Heasley’s research group and his collaborators Raphael Nemenoff, PhD, Erin Schenk, MD, PhD, and Tejas Patil, MD, have shown over the past couple of years “that the patient’s host immunity has something to say about how that response goes,” Heasley says.

Signal processing

When a lung tumor is treated with a TKI, Heasley says, the medicine induces a series of signals that are released from the tumor cells and communicate with immune cells. Sometimes that communication instructs a robust response from the T cells that helps clear out the tumor, but sometimes the signal reaches immune cells that suppress the immune system to protect the tumor.

“Each of us has a variation in our immune microenvironment that allows a more robust response or a less robust response. That could be used to our advantage if we can understand how to make the immune system contribute more to attacking the tumor,” he says. “If you could understand what’s happening in the cancers that respond the best to tyrosine kinase inhibitors, as well as the ones that don’t respond at all, you might find biologic mechanisms that could be exploited as therapeutic targets.”

With his four-year, VA-funded grant, Heasley will study animal models of lung cancer driven by oncogenes that respond to specific TKIs, with the goal of identifying a target that could be treated medically to improve the performance of TKIs in patients whose immune system makes them less responsive to the treatment.

“Adaptive immune cells, like T cells and B cells, get prompted to expand and attack foreign substances,” he says. “It seems that by the time you treat them, tumor cells have already communicated with the adaptive immune system to some extent. The TKI instructs the T lymphocytes to participate strongly in eliminating the tumor, but we think there are other immune cells, like neutrophils, that are immune suppressive and dial back the response of our adaptive immune system. In cancer, we want to tell the T cells to attack the tumor, but if immune cells are suppressing that, that’s something we need to try to overcome.”

Proactive solution

The results of the study may be able to be used proactively, as well — if the research reveals characteristics of host immunity associated with poorer response to TKIs, a blood test might be designed such that novel immune-targeting agents might be prescribed up front to try to overcome the resistance.

“We’re going to study the immune cells in the blood to see if they give us information about what may be going on in the tumor,” Heasley says. “We have some pilot studies that have shown that if the number of specific immune-suppressive cells are very high, then historically, patients show a very brief response to TKIs versus ones that have low levels of those cells.”

Heasley is part of a group of lung cancer researchers at the CU Cancer Center who are interested in applying artificial intelligence to tumor samples to find patterns that would let doctors know, before the patient is even treated, if the patient is going to do poorly or well on the treatment.

Longer response time

Heasley says the research will help find new ways to treat a deadly cancer that occurs in smokers and nonsmokers alike, and that tends to recur even in patients who initially respond to treatment with TKIs.

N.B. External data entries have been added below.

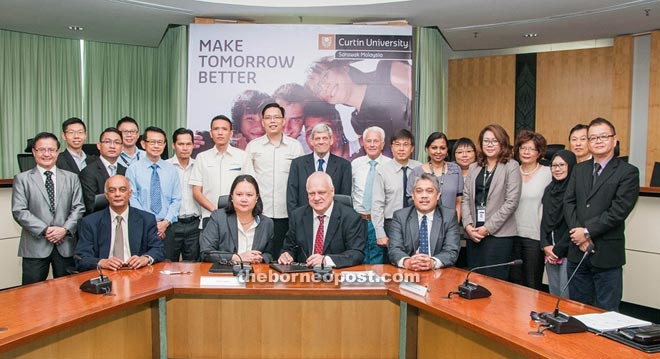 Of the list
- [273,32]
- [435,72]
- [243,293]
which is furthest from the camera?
[435,72]

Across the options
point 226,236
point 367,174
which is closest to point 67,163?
point 226,236

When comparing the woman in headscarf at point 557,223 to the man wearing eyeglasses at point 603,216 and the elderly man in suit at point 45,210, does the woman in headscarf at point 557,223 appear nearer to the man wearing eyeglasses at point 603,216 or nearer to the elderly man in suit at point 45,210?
the man wearing eyeglasses at point 603,216

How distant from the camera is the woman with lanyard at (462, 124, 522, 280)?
388 cm

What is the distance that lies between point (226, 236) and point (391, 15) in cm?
380

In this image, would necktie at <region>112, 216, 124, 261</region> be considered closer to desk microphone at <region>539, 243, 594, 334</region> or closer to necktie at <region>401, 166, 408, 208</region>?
necktie at <region>401, 166, 408, 208</region>

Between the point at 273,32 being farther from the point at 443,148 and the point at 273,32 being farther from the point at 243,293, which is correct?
the point at 243,293

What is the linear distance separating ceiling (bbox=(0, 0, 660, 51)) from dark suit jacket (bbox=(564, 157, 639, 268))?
2.96 meters

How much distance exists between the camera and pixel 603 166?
3.42m

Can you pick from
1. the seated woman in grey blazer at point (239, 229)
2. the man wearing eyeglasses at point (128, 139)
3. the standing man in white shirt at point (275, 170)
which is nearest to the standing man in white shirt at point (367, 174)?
the standing man in white shirt at point (275, 170)

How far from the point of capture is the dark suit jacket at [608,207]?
329cm

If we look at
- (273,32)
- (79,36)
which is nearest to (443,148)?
(273,32)

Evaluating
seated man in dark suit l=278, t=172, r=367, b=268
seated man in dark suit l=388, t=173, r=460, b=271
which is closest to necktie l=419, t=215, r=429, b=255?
seated man in dark suit l=388, t=173, r=460, b=271

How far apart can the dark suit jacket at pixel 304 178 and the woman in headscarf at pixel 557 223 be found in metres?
1.45

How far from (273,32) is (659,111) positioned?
5.02m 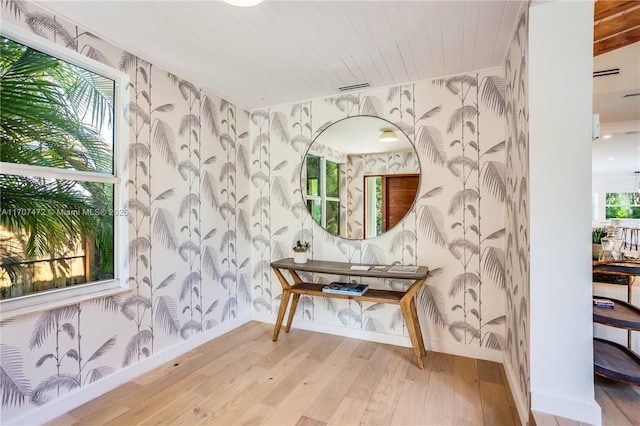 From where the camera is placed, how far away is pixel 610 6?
69.7 inches

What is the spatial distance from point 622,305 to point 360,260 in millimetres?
1762

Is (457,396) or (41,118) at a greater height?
(41,118)

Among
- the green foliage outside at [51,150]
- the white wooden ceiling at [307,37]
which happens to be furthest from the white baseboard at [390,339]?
the white wooden ceiling at [307,37]

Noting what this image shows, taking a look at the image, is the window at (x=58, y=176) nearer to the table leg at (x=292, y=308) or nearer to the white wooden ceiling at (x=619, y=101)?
the table leg at (x=292, y=308)

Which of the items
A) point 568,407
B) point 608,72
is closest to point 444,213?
point 568,407

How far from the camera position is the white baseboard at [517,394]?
1.58m

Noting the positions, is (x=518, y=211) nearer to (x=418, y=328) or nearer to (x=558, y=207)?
(x=558, y=207)

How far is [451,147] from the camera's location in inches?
98.3

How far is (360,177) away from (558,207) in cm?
159

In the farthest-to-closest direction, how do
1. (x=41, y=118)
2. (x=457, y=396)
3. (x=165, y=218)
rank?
(x=165, y=218), (x=457, y=396), (x=41, y=118)

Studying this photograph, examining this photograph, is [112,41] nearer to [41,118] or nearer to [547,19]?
[41,118]

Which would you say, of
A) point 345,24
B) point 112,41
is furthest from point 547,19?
point 112,41

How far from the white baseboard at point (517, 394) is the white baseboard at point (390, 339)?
0.20 m

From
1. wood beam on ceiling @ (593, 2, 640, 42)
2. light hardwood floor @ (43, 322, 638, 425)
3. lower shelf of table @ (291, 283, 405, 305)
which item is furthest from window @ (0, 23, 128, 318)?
wood beam on ceiling @ (593, 2, 640, 42) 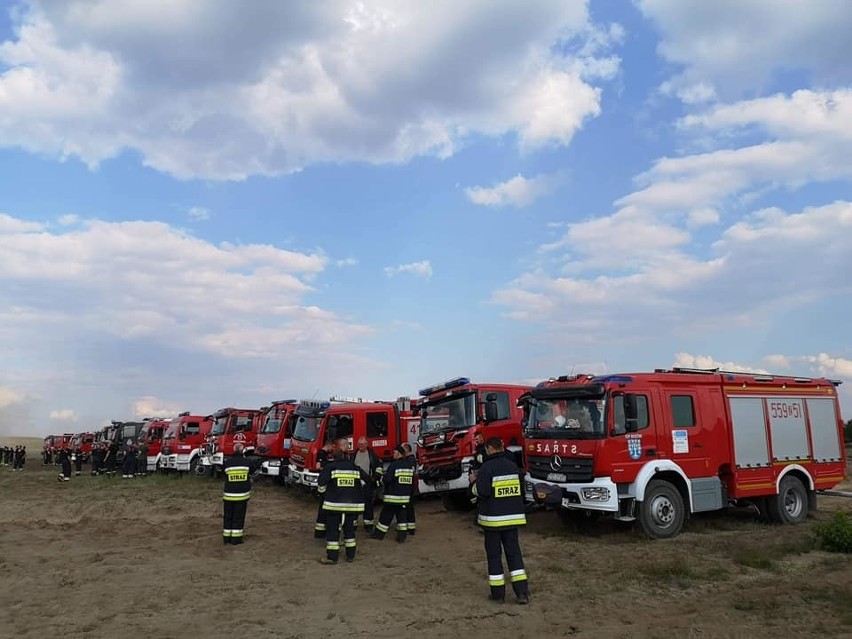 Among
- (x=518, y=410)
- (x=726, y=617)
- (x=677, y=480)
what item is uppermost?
(x=518, y=410)

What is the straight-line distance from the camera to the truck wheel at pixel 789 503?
12.2 m

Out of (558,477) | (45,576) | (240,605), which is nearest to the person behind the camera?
(240,605)

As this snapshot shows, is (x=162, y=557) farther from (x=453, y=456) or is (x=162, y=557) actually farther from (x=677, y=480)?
(x=677, y=480)

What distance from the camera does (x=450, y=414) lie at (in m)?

“Each time a cancer recurs following therapy, it acquires more genomic issues and becomes more difficult to treat,” he says. “If you knew which patients are going to recur more quickly, it would make sense to try to find ways to intervene with a combination of medications. Can we customize your TKI treatment with additional agents that may give you a longer-lasting response? We are cautious about using the word ‘cure,’ but the long-term goal would be to make it so you could manage lung cancer for 10 to 20 years. We want a more complete therapeutic regimen that allows the therapy to last much longer.”